What you essentially want for the user to not write any unsafe code is this kind of interface:

   trait Allocator {
     fn allocate<'a, T>(&'a self, init: T) -> Handle<'a, T>;
     fn deallocate<'a, T>(&'a self, handle: Handle<'a, T>);
     fn read<T>(&self, handle: Handle<'_, T>) -> impl Deref<T>;
     fn write<T>(&self, handle: Handle<'_, T>) -> impl DerefMut<T>;
   }

&'a RefCell<T> is pretty close to a definition of Handle<'a, T>, except that Rust provides no implementations of allocate and deallocate that take a const instead of a mut reference for self. Trying to make an allocator that lets you safely deallocate something requires a completely different implementation of Handle<'a, T> than what RefCell can provide, and even if you're fine without deallocation, allocation with a const ref still requires unsafe to get the lifetime parameter right.

Did you get a look at https://github.com/rust-lang/rfcs/pull/3446 at all?
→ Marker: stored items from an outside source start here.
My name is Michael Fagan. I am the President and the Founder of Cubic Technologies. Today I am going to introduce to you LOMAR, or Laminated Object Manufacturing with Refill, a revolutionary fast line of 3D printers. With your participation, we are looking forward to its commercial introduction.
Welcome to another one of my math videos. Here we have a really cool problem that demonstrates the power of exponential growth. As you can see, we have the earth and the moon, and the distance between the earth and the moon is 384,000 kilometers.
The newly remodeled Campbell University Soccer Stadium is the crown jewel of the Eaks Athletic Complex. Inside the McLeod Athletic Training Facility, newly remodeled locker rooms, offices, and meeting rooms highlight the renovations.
I'm not in the habit of regularly following new Rust RFCs, so I'd have no way of knowing about something made just last week. :-) But I'm taking a look now.
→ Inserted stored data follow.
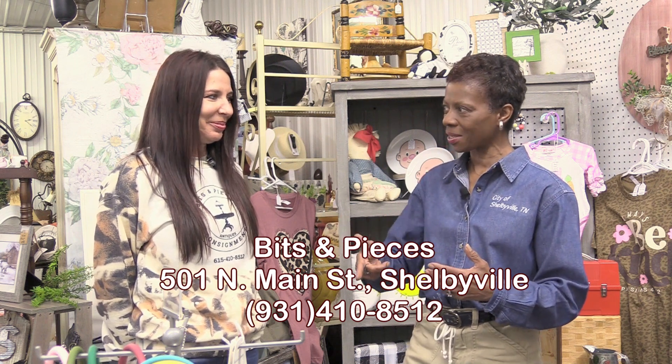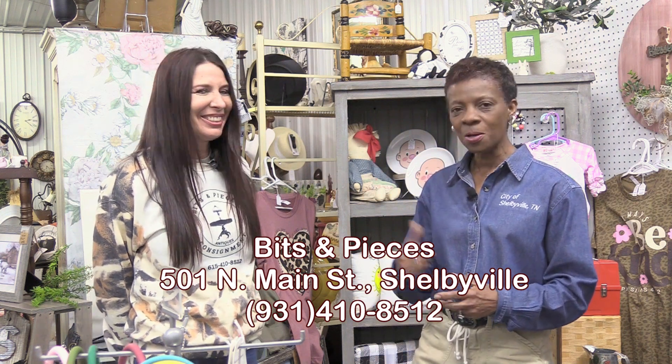Yes ma'am, rain or shine! Thank you, Christy. I know it's a lot of hard work, and everything is so neatly organized — I complimented that when I first came in a few weeks ago. It's very easy to maneuver around when you're browsing. Hats off, and congratulations! It's a new business right here in Shelbyville — Bits and Pieces, Christy Nichols, owner and operator, 501 North Main Street. I'm Marilyn Ewing for this courtesy business stop. Thank you so much for watching.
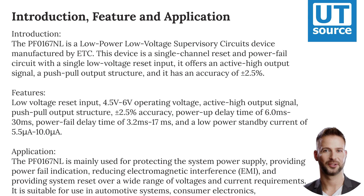Features: Low-voltage reset input, 4.5 to 6 volts operating voltage, active high-output signal, push-pull output structure, plus or minus 2.5% accuracy, power-up delay time of 6.0 ms or 30 ms, and power-fail delay time of 3.2 to 17 ms.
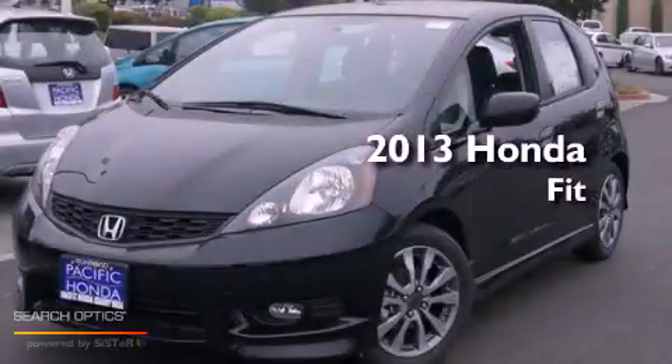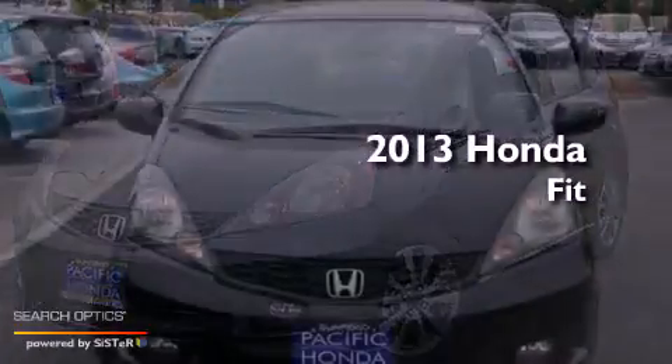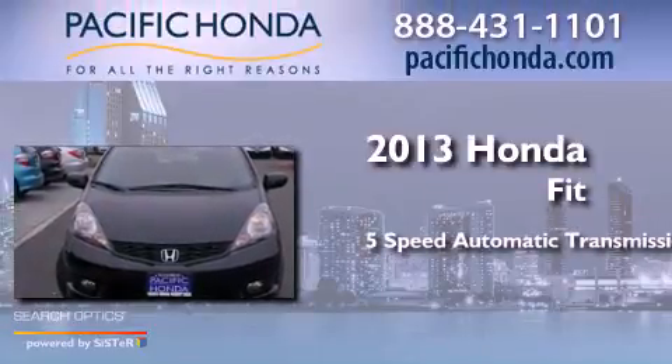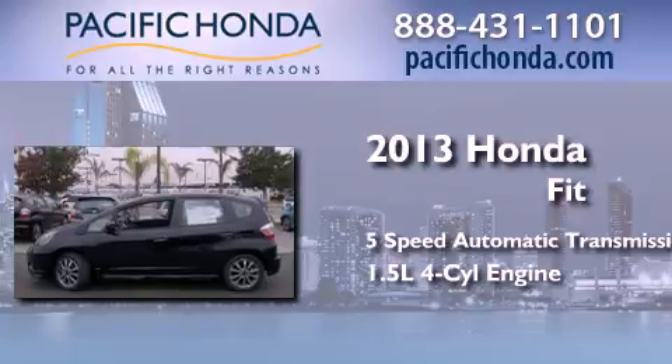This is a brand new 2013 Honda Fit. This compact has a 5-speed automatic transmission and an inline 4-cylinder engine.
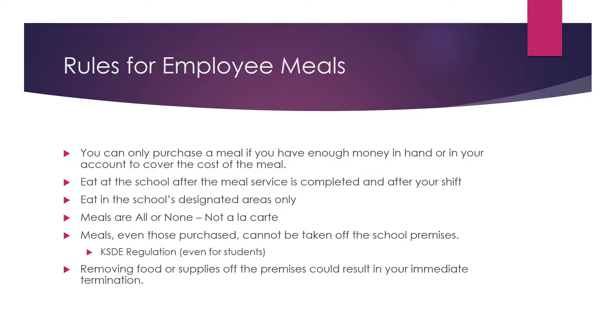Meals must be consumed at the school after meal service is completed and after your shift. This is to prevent you from being accused of stealing food. Do not take food out of the building. Eat your meal in the designated area.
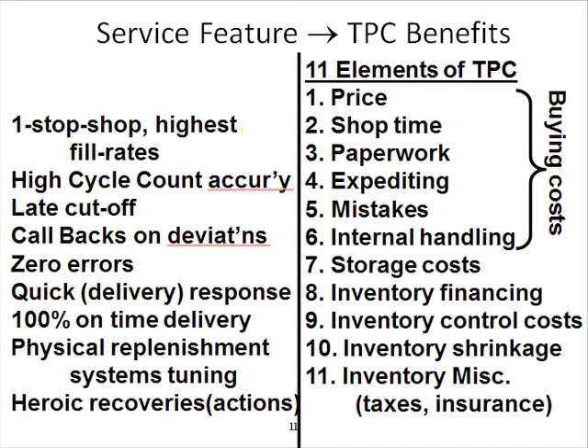We could say we have zero errors. And because we have zero errors, that means you will have less mistake-curing, expediting, downtime, and paperwork — because when there are mistakes, it might not be physical stuff, but the price is wrong or something like that, so it creates more paperwork in the form of credits to rectify the problem.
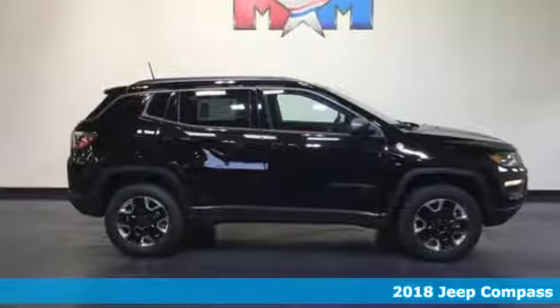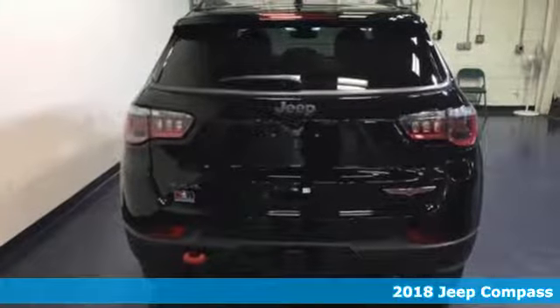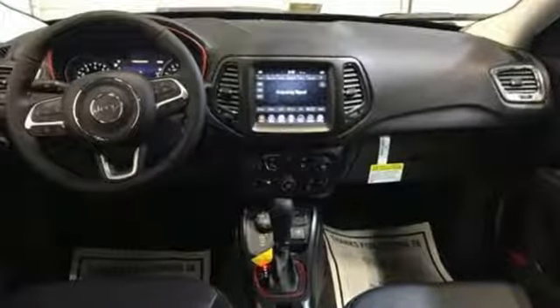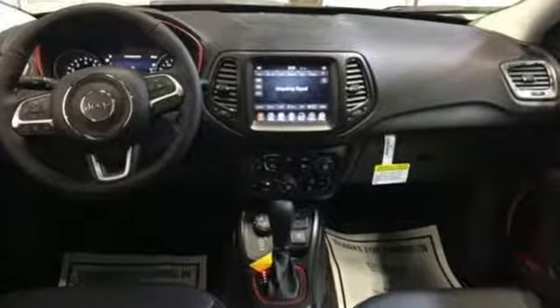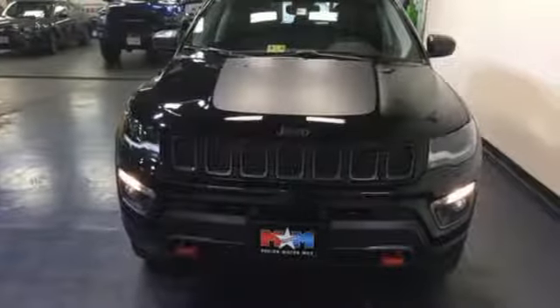It's a 2018 Jeep Compass. It takes every excuse off the table to get out and have some fun. Once your eye catches the classic 7-slot grille with chrome surrounds, you know you're about to climb behind the wheel of something special. This Jeep is rugged enough to cater to your wild side and practical enough to get you through your everyday.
I don't tend to follow them either, but I've been frustrated by the lack of progress on allocator_api, and I came across this yesterday after looking into that. I only mention it because the Handle stuff in there looked tangentially related, though it's talking about something quite a bit different than you were.

Can you clone a Handle? If so, how do you handle using a clone after freeing it? If clones are refcounted, how do you handle cycles?
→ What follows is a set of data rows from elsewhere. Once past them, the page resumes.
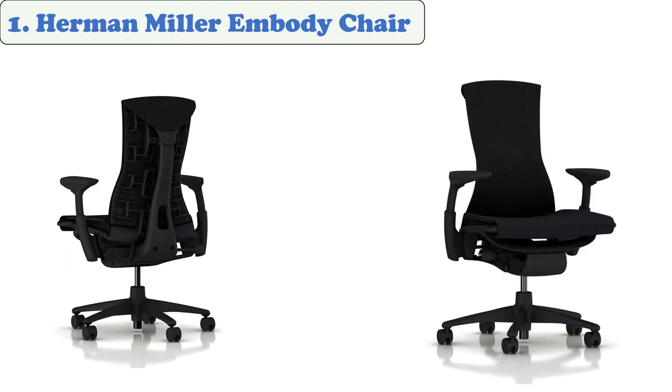At number one: Herman Miller Embody Chair. The Herman Miller Embody office chair is the first in our list of the best ergonomic office chairs. It has a unique design attached to the back that helps keep the body and spine aligned by reducing pressure on the lower back.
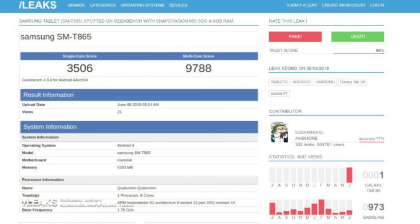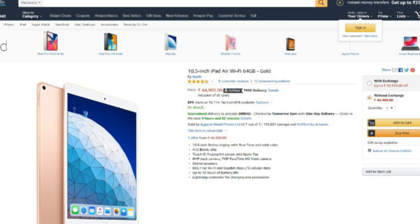You can check the Slash Leaks link where the Geekbench scores are approximately 3,500 single-core and 9,700 multi-core. To contextualize: the Samsung Galaxy S10 Plus Snapdragon version has a single-core score of 3,400 but a multi-core score of 10,600. Over on the other side, the iPad Air 2019 edition, which is soon to get iPadOS, has a single-core score of approximately 4,700 and a multi-core score of 11,300, and is currently sold in India for 44,000 rupees.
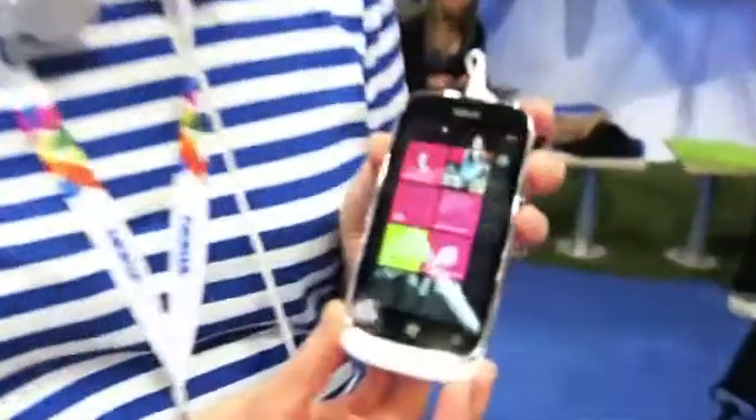Hi, my name is Tanja Rauniho-Mitchell and I'm the product marketing manager for the new Nokia Lumia 610.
There are several different ways you can implement a Handle, depending on what features you want; the most important part of its implementation is that `fn is_valid(handle: Handle) -> bool` is possible. The simplest implementation is a (pointer, generation) pair, which can be packed into a u64 pretty easily even for 64-bit systems; every allocation and deallocation increments the generation counter in the allocator, and is_valid is thus implemented by checking if the allocator's generation matches the claimed generation for a Handle. This kind of Handle is effectively a Copy implementation (not merely Clone!).

Effectively, handles are like weak pointers in that you can detect when the underlying object has been freed, but unlike weak pointers, there's no need for a reference counter to know when to deallocate the object--the object is freed when the allocator itself dies, or it can manually be freed earlier. It is possible to write code that will attempt to use the freed object, and the compiler will be happy, but the runtime will detect that it has been freed and panic instead. (RefCell does something similar, except it only detects violations of multiple readers xor one writer requirement, not overall lifteime). You can also add other wrappers around Handles to automatically free those Handles on scope exit, but the point is you can now have multiple references to an object that can be upgraded to a mutable reference if you desire.